In [4]:
import pandas as pd
import numpy as np
import torch
from transformers import BertModel, BertTokenizer
from sklearn.neighbors import KNeighborsClassifier
from sklearn.model_selection import train_test_split
from sklearn.metrics import accuracy_score, classification_report
from sklearn.preprocessing import MinMaxScaler
import time
import joblib  # Import joblib for saving models
from google.colab import files

# Function to process data in batches
def extract_features_in_batches(descriptions, tokenizer, model, device, batch_size=32, max_len=128):
    features = []
    num_batches = len(descriptions) // batch_size + (1 if len(descriptions) % batch_size > 0 else 0)

    for i in range(num_batches):
        batch_descs = descriptions[i * batch_size: (i + 1) * batch_size]
        batch_features = extract_bert_features(batch_descs, tokenizer, model, device, max_len)
        features.extend(batch_features)

    return features

def extract_bert_features(texts, tokenizer, model, device, max_len=128):
    tokens = tokenizer(
        texts.tolist(),
        max_length=max_len,
        padding=True,
        truncation=True,
        return_tensors='pt'
    ).to(device)

    with torch.no_grad():
        outputs = model(**tokens)

    # Use [CLS] token hidden state as the sentence embedding
    cls_embeddings = outputs.last_hidden_state[:, 0, :].cpu().numpy()
    return cls_embeddings


In [5]:
# Load your dataset from runtime
print("Loading dataset...")
start_time = time.time()
df = pd.read_csv('/content/job_train.csv')  # Ensure the file is in the Colab runtime
print(f"Dataset loaded in {time.time() - start_time:.2f} seconds")

# Check for missing values in 'description' column
print("Checking for missing values...")
print(df['description'].isnull().sum())

# Handle missing values in 'description' column
df['description'].fillna('missing', inplace=True)  # Option to fill NaN with 'missing'


Loading dataset...
Dataset loaded in 0.20 seconds
Checking for missing values...
1


In [6]:
# Split dataset into training and test sets (5% for test set)
print("Splitting dataset...")
start_time = time.time()
train_df, test_df = train_test_split(df, test_size=0.1, random_state=42)
print(f"Dataset split completed in {time.time() - start_time:.2f} seconds")


Splitting dataset...
Dataset split completed in 0.00 seconds


In [7]:
# Initialize the BertTokenizer and BERT model
print("Initializing BERT tokenizer and model...")
start_time = time.time()
tokenizer = BertTokenizer.from_pretrained('bert-base-uncased')
bert_model = BertModel.from_pretrained('bert-base-uncased')
bert_model.eval()  # Set BERT to evaluation mode
device = torch.device('cpu')  # Use CPU
bert_model = bert_model.to(device)
print(f"Tokenizer and model initialization completed in {time.time() - start_time:.2f} seconds")

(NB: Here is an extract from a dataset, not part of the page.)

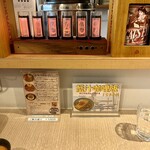 スパイスパレット - 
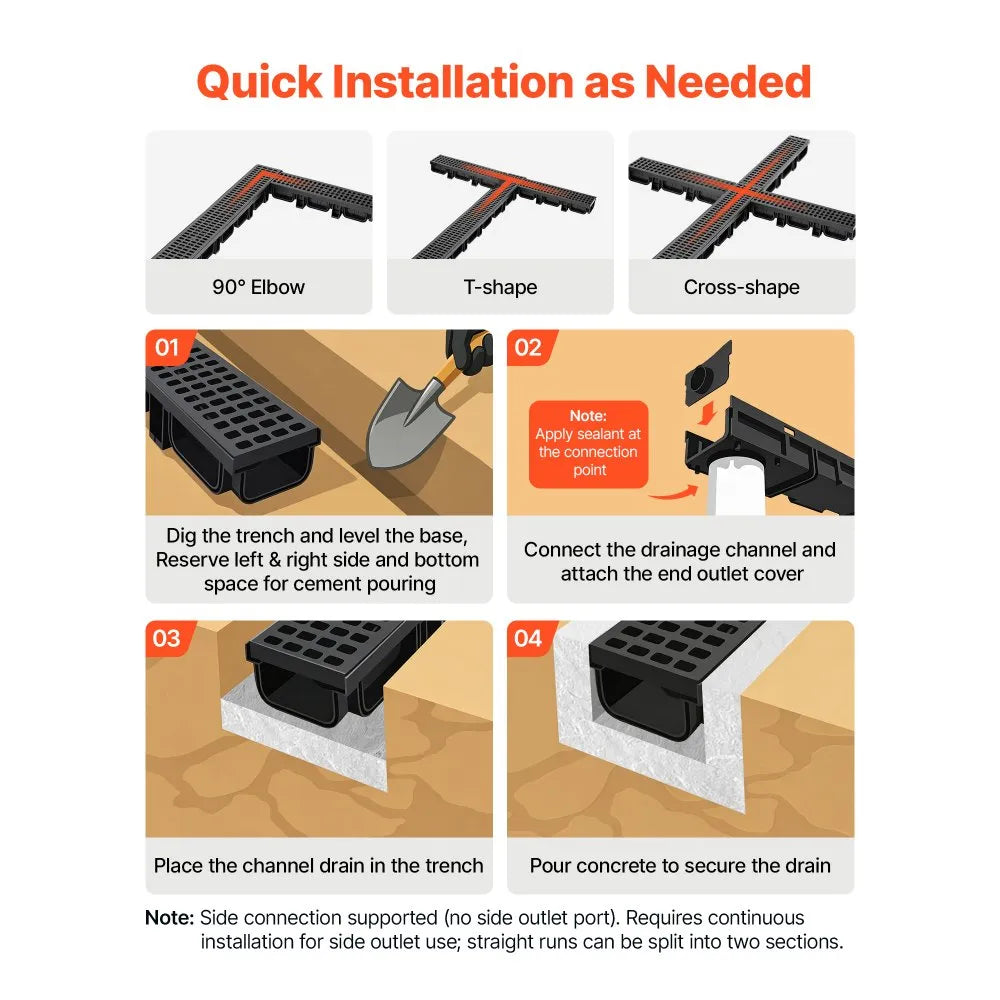 Trench Drain 12-Pack Linear Drainage Channel System with Grates & End Caps | HDPE Outdoor Drain for Driveways, Patios, Pools & Gardens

Initializing BERT tokenizer and model...


The secret `HF_TOKEN` does not exist in your Colab secrets.
To authenticate with the Hugging Face Hub, create a token in your settings tab (https://huggingface.co/settings/tokens), set it as secret in your Google Colab and restart your session.
You will be able to reuse this secret in all of your notebooks.
Please note that authentication is recommended but still optional to access public models or datasets.


tokenizer_config.json:   0%|          | 0.00/48.0 [00:00<?, ?B/s]

vocab.txt:   0%|          | 0.00/232k [00:00<?, ?B/s]

tokenizer.json:   0%|          | 0.00/466k [00:00<?, ?B/s]

config.json:   0%|          | 0.00/570 [00:00<?, ?B/s]

model.safetensors:   0%|          | 0.00/440M [00:00<?, ?B/s]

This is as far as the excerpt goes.